In unseren Tests klappte dies semigut. Ist der Lautsprecher beispielsweise zu laut eingestellt, weil gerade der Lieblingssong von Helene Fischer lief, und möchte man nun die Lautstärke herunterregeln, „zicken“ die Geräte ein wenig. So kommt es mitunter vor, dass man schreiend in der Küche direkt neben dem Echo steht und dieser einen einfach nicht hört. Zum Glück gibt es auf dem Gerät einen „Aktionsknopf“ zur manuellen Lautstärkeregelung.

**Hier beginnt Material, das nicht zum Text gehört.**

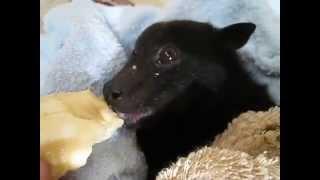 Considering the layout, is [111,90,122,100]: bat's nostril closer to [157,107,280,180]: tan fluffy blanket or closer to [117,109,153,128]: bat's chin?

Alexa – das „Hirn“ hinter Amazon Echo

Alexa – das "Hirn" hinter Amazon Echo - copyright: Amazon
Alexa – das „Hirn“ hinter Amazon Echo
copyright: Amazon

Alexa ist ein cloudbasierter Sprachdienst, der immer intelligenter wird und mit dem Nutzer „wächst“ – hier liegt auch das „Problem“. Alle Spracheingaben, die man nach der Aktivierung tätigt, werden an Amazon übertragen und ausgewertet. Zur Verbesserung angeblich. Dazu muss aber eine entsprechende Verbindung rund um die Uhr bestehen (per WLAN), sonst könnte ja das Aktivierungswort (was übrigens von „Alexa“ auch zu „Echo“ oder „Computer“ geändert werden kann) nicht funktionieren. Es lassen sich zwar alle Spracheingaben im Nachhinein per Smartphone löschen, was allerdings Amazon mit den Daten wirklich anfängt, wie sie verarbeitet, ob diese weitergeleitet und gespeichert werden oder ob sie dann wirklich gelöscht sind, weiß wohl nur der amerikanische Onlinehändler. Bei unseren Tests passierte es auch immer wieder, dass sich die Echos einfach aktivierten, ohne dass ein Aktivierungskennwort genannt wurde. Hier könnten dann auch sensible Daten oder Gespräche, die nicht für andere Ohren bestimmt sind, aufgezeichnet und übertragen werden.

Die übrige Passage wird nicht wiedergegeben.